Banyak sekali yang disebut oleh al-Qur’an sebagai objek yang perlu dipikirkan, dan banyak pula kosakata yang digunakan untuk maksud tersebut. Salah satu yang perlu diperhatikan dan disimak adalah al-Qur’an. Disisi lain, sekian banyak problema baru yang bermunculan dari saat ke saat yang memerlukan jawaban dan bimbingan, sedang hal tersebut tidak ditemukan penjelasannya dari al-Qur’an dan sunnah. Dari sinilah lahir upaya untuk menafsirkan ayat-ayat al-Qur’an dan sejak itulah lahir Tafsir bi al-ra’yi. Walau sebenarnya tidak keliru dari segi subtansi jika dikatakan bahwa penafsiran Nabi Saw. dan sahabat-sahabat beliau pun adalah Tafsir bi al-ra’yi, karena mereka juga menggunakan nalar mereka dalam upaya memahami al-Qur’an.[4] Imam Syafi’i berkata, seperti yang ditulis al-Suyuti dalam al-Itqan, bahwa: “Semua ketetapan hukum Nabi Saw. adalah hasil pemahaman beliau dari al-Qur’an berdasar firman Allah yang artinya:
                                                                                           
إِنَّا أَنْزَلْنَا إِلَيْكَ الْكِتٰبَ بِالْحَقِّ لِتَحْكُمَ بَيْنَ النَّاسِ بِمَا أَرٰكَ اللّٰهُۗ وَلَا تَكُنْ لِّلْخَائِنِيْنَ خَصِيْمًاۙ

“Sungguh Kami menurunkan kepadamu al-Kitab dengan hak agar engkau menetapkan putusan antara manusia sesuai apa yang ditunjukkan Allah kepadamu.”
Dengan demikian, dapat dikatakan bahwa sejarah Tafsir bi al-ra’yi pertama kali ada sejak al-Qur’an diturunkan kepada Rasulullah Saw. Pada saat itu, Rasul menggunakan pemahamannya untuk menafsirkan al-Qur’an guna menjawab berbagai persoalan para sahabat, keluarga, serta umat islam pada saat itu.

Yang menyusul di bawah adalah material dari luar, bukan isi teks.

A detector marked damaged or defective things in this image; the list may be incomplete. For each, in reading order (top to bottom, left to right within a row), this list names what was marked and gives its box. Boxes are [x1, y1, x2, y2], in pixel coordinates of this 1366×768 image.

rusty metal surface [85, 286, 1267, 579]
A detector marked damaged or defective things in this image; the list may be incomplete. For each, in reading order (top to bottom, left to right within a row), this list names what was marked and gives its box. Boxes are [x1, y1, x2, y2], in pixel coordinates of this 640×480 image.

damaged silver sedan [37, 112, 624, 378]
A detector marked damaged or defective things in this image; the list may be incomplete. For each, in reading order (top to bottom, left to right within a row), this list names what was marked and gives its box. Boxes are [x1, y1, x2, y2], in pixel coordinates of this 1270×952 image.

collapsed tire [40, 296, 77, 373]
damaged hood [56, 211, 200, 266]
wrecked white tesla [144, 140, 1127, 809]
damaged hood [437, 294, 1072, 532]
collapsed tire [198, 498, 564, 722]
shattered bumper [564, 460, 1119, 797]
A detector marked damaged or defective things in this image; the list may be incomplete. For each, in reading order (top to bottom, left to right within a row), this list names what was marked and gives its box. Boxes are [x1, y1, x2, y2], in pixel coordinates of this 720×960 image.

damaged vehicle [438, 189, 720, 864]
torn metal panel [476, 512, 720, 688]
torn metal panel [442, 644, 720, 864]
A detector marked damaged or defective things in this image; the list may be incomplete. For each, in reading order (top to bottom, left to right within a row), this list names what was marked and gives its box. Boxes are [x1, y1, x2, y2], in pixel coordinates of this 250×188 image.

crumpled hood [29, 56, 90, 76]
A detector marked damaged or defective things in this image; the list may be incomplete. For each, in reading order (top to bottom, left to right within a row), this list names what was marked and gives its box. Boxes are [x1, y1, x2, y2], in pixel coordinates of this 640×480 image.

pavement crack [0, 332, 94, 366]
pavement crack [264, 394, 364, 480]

C.     Sikap Nabi Saw. Terhadap Tafsir Bi al-Ra’yi
Al-Qur’an turun dengan Bahasa Arab, bahasa yang digunakan oleh Nabi Muhammad Saw. dan bangsa Arab. Ketika al-Qur’an diturunkan sebagai mu’jizat kepada Nabi Muhammad Saw., Nabi sangat memahami al-Qur’an baik secara umum maupun pemahaman secara rinci.
Para sahabat saat itu, bisa langsung bertanya seputar makna dan tafsir al-Qur’an kepada Nabi Saw. Ketika Nabi menerima wahyu, beliau langsung menjelaskan maksud ayat yang diterimanya kepada para sahabat. Karena itulah kemudian Nabi Muhammad disebut sebagai mufassir awwal (penafsir pertama) al-Qur’an.
Rasulullah Saw. adalah penafsir pertama al-Qur’an, sementara para sahabat mengutip penafsiran Rasul Saw. Rasulullah Saw. menafsirkan ayat-ayat al-Qur’an kepada para sahabat. Ini dapat berupa jawaban terhadap pertanyaan para sahabat, atau hukum yang Rasul sampaikan kepada mereka, baik berupa perkataan, perbuatan, atau penetapan. Sebagaimana Rasul Saw. menjelaskan kepada mereka tentang cara pelaksanaan shalat dan haji dengan bentuk perbuatan.[5]
صلو كماراْيتمونى اْصلى
Artinya: “Shalatlah kalian sebagaimana kalian melihat aku shalat.” (H.R. Bukhari)
خذوا عني مناسككم
Artinya: “Ambillah dariku dalam hal peribadatan kalian.” (H.R. Muslim)
Dari sini jelas bahwasanya Rasulullah memperbolehkan untuk menafsirkan al-Qur’an dengan nalar tetapi dengan syarat-syarat yang dibutuhkan. Adapun syarat-syarat tersebut yakni sebagai berikut :[6]
1.    Menguasai ilmu bahasa Arab agar dapat menerangkan kosakata-kosakata sesuai penggunaan dan maksudnya
2.    Menguasai ilmu Nahwu, karena makna itu berubah sesuai dengan kedudukan I’rab-nya
3.    Menguasai ilmu Sharaf, agar memahami perubahan bentuk lafal dan kalimat
4.    Memahami ilmu balaghah, agar dapat memilih makna yang lebih kuat yang terkandung dalam satu lafal
5.    Memahami ilmu ushulul fiqh agar dapat menggali hukum dari ayat al-Qur’an
6.    Menguasai ulumul qur’an
Doa yang selalu Rasulullah panjatkan untuk Ibn ‘Abbas juga termasuk bentuk diperbolehkannya penafsiran, inilah doanya :
اللهم علمه الكتاب و الحكمة
“ Ya Allah ajarkanlah ia Kitab dan hikmah”
Dan ada juga doa Rasulullah yang berbunyi :
اللهم فقهه فى الدين و علمه التأويل
“ Ya Allah jadikanlah ia faham ilmu agama dan ajarkanlah ia takwil”[7]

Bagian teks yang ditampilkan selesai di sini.